How have you guys been filling it, or snapping the lid on without spilling the oil?

Grant
Jackson, MO


----------



## Gene Weitzel (Dec 6, 2005)

Snap the top on first, then use a bulb syringe to fill it.


----------



## ajs beetle eater (Feb 21, 2008)

*filling hte beetle eaters*

 hi guys an easy way is to use a sauce dispencer the nozzel fits in the chamber without spilling oil hold level fill to approx 3 ml to cover the baffle then clip the track on thanks aj


----------



## sc-bee (May 10, 2005)

Yea I had the same problem w/mine. Put it in first then tried to fill it---- a mistake. Thanks for the tip aj.


----------



## magnet-man (Jul 10, 2004)

Is the Beetle Eater made from a hard plastic or it is like the plastic the frame feeders are made of?


----------



## ajs beetle eater (Feb 21, 2008)

*magnet man*

the beetle eaters are made from hard recycled plastics aj


----------



## JC (Jun 3, 2006)

ajs beetle eater said:


> hi guys an easy way is to use a sauce dispencer the nozzel fits in the chamber without spilling oil hold level fill to approx 3 ml to cover the baffle then clip the track on thanks aj



I do not have any vinyl to cover the traps. What other types of covering would you suggust? Thanks!


----------



## ajs beetle eater (Feb 21, 2008)

*JC*

 vynal can be obtained at any carpet or second hand places this is the best some people use carpet but i suggest a sqare of vynal aj


----------



## paintingpreacher (Jul 29, 2006)

I bought a small pump type oil can at the local Harbor Freight which has a flexible line. This works really well for filling the trap after it is in place. Only about $4.00.


----------



## ekrouse (Aug 26, 2004)

*Reuseable?*

AJ,

Does the trap come apart for cleaning and refilling?

-ekrouse


----------



## ajs beetle eater (Feb 21, 2008)

*ekrouse*

 yes the beetle eaters come apart the track clicks on and off by gently squeezing the end of the chamber thanks aj


----------



## Troy (Feb 9, 2006)

I have two questions about the beetle eater.

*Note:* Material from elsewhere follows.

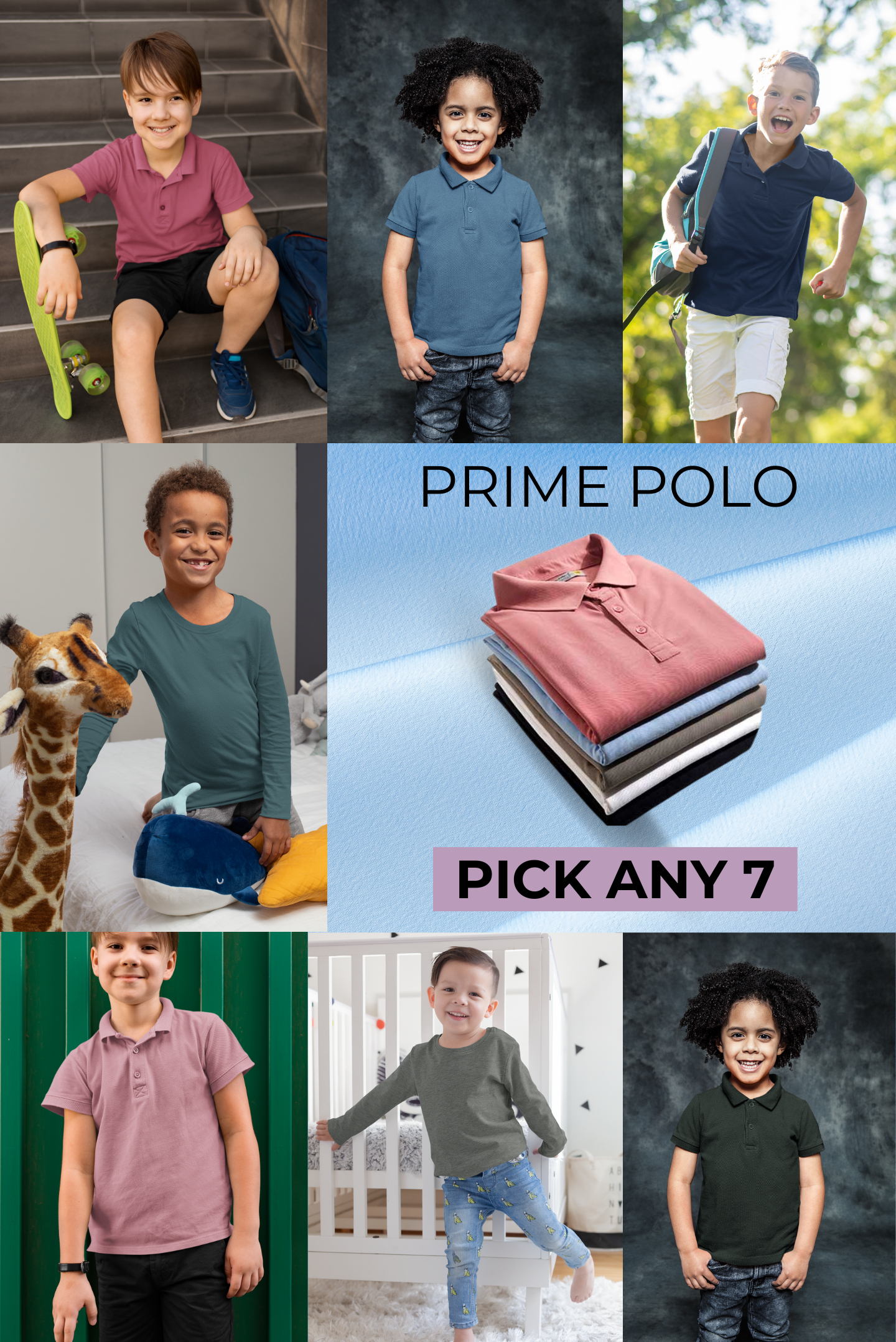 Boy's Prime Polo Pack of 7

1. How many ml does it take to fill it. (I can measure if nobody knows off hand)

2. What purpose does the vinyl flooring cover serve?


----------



## ajs beetle eater (Feb 21, 2008)

*troy*

the beetle eater only needs 3 mil of oil do not fill it and the purpose of the vynal is to reduce the bees plugging up the tracks with wax or propilas thanks aj


----------



## JC (Jun 3, 2006)

*AJ*

Where do you put the trap in the colony and how long do you leave the trap in the colony?


----------



## ajs beetle eater (Feb 21, 2008)

*jc*

 the beetle eaters sit on the top bars if it is a double in the super if it is a single in the brood chamber they should be checked weekly depending on the infestation of SHB aj


----------



## JC (Jun 3, 2006)

ajs beetle eater said:


> the beetle eaters sit on the top bars if it is a double in the super if it is a single in the brood chamber they should be checked weekly depending on the infestation of SHB aj


Let me see if I got this correctly. If there are two hive bodies, place the beetle trap on the top hive body. Suppose there are two hive bodies and two honey supers, should the beetle trap also be placed on the top hive body under the two honey supers? Additionally, I surmise tha bettle trap should be left on the colony year round; however, it should be checked once a week?


----------



## ajs beetle eater (Feb 21, 2008)

*jc*

 preferably put the beetle eaters at the top of the box in the center


----------



## Beaches' Bee-Haven Apiary (May 22, 2007)

Here's an idea my mom had. To fill the eaters use one of those ketchup/mustard squeeze containers (y'know, the yellow and red cylindrical ones) Easy, portable, cheap, and should fill it w/o any problem!

-Nathanael


----------



## Troy (Feb 9, 2006)

I am going to use a syringe, that way I can measure the oil needed and I don't have to try to see down inside. It being all black, I can imagine it will be difficult to see the oil level inside there.


----------



## mbholl (Dec 16, 2007)

What are the first signs of the small hive beetle, and what should I watch for? Now that bees are coming out of almonds, I want to make sure that they haven't brought home something new.


----------



## okb (Apr 16, 2007)

http://www.wasba.org/SHB.pdf

Here is some reading on it.


----------



## Keith Benson (Feb 17, 2003)

Troy said:


> I am going to use a syringe, that way I can measure the oil needed and I don't have to try to see down inside. It being all black, I can imagine it will be difficult to see the oil level inside there.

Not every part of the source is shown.